In my recorded Tivo Suggestions, I often get shows I've seen and liked and which I don't want to see again (I didn't like them that much).

A couple of wishes/suggestions:

If a Season Pass option is set for First-run only, don't record that show as a "suggestion" (whether shown on the same channel or another channel). 

Give me the option of giving shows or movies thumbs up but also indicating I'm not interested in seeing that show any more. This way, I can let the system know I like this type of show but don't record that show, find something else like it (I haven't rated). 

Some shows just don't hold up for repeat viewing (like ER, for instance). And some I've seen enough of (at least for now). Let me stop Tivo from recording those shows (again and again), short of giving it "thumbs down" (which really does not reflect how I felt about the show).


----------



## daveak (Mar 23, 2009)

I like it it, good suggestion. :up:

Now that you have a thumbs up and you know I like it, I guess you can just keep suggesting it over and over again... 



Emacee said:


> In my recorded Tivo Suggestions, I often get shows I've seen and liked and which I don't want to see again (I didn't like them that much).
> 
> A couple of wishes/suggestions:
> 
> ...


----------



## kika2000 (Apr 20, 2009)

I'd like to add - "I really like it, as a matter of fact I have a wishlist set up to record it", so please don't 'suggest' it to me.

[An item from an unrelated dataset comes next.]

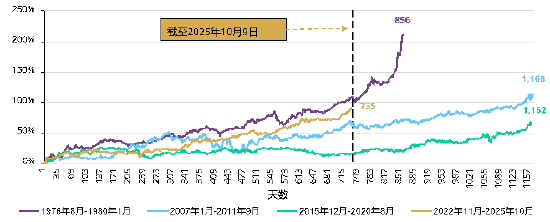 *数据截至2025年10月9日。基于LBMA午盘金价。来源：彭博社，世界黄金协会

I have a catch-all wishlist for 'cycling' set up and I often end up with the same recorded events listed in both my cycling wishlist and Tivo suggestions. Between that and the endless episodes of the same three series recording over and over again, I wish there was a way to tell Tivo to suggest something new.


----------



## megory (Jan 23, 2003)

I agree. It's annoying to see most of my SPs showing up in Suggestions just because there's a thumbs up! Duh.


----------



## mcmnky (Nov 20, 2008)

Emacee said:


> If a Season Pass option is set for First-run only, don't record that show as a "suggestion" (whether shown on the same channel or another channel).


OMFG, so much this.

Since the default state for season passes is to record new and re-run showings, a first-run only season pass means the tivo has been explicitly programmed not to save re-runs of a show.

A season pass for Law & Order basically renders the Suggestion feature useless--unless you have a very large hard drive or just want to see re-runs of Law & Order.


----------